## How to complete this task
Please output the data exactly, minus pictures.

## Recorded information

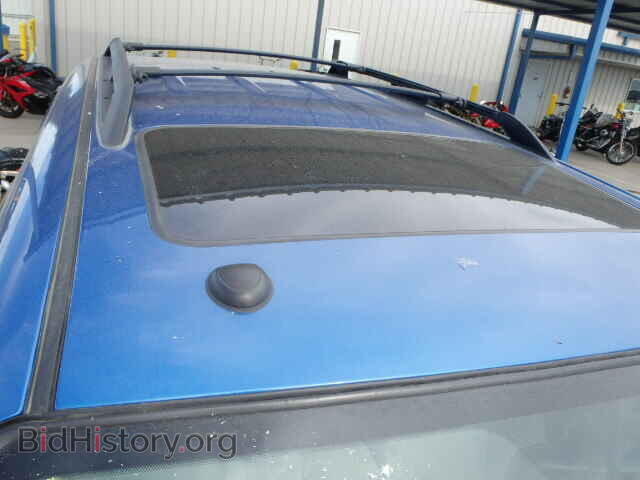 2011 FORD ESCAPE - VIN: 1FMCU0DG6BKA14867 - Фото 10
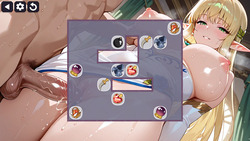 Love x Fantasy: Horny Elf [Final] [Mature Games] screenshot 5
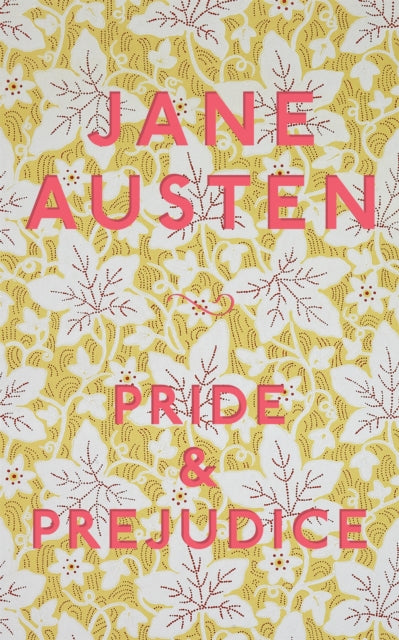 Pride and Prejudice-9781035007790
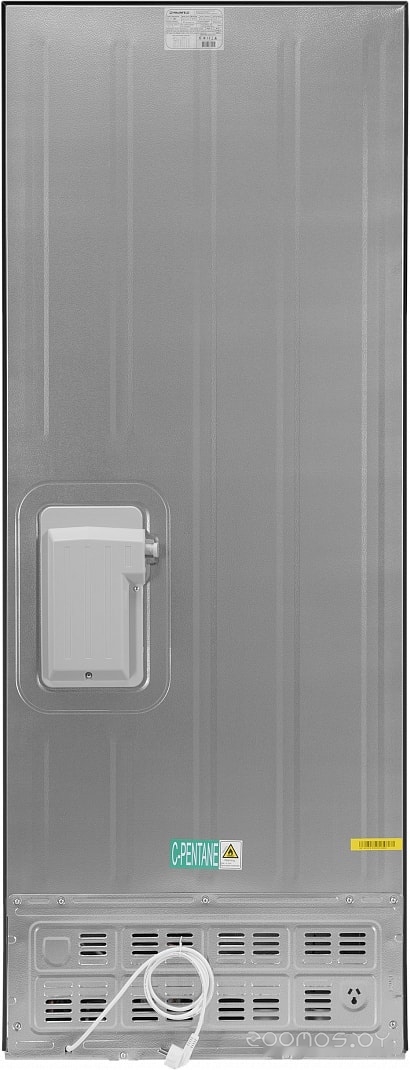 Maunfeld MFFR185SB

## Response
 2011 FORD ESCAPE - VIN: 1FMCU0DG6BKA14867 - Фото 10
 Love x Fantasy: Horny Elf [Final] [Mature Games] screenshot 5
 Pride and Prejudice-9781035007790
 Maunfeld MFFR185SB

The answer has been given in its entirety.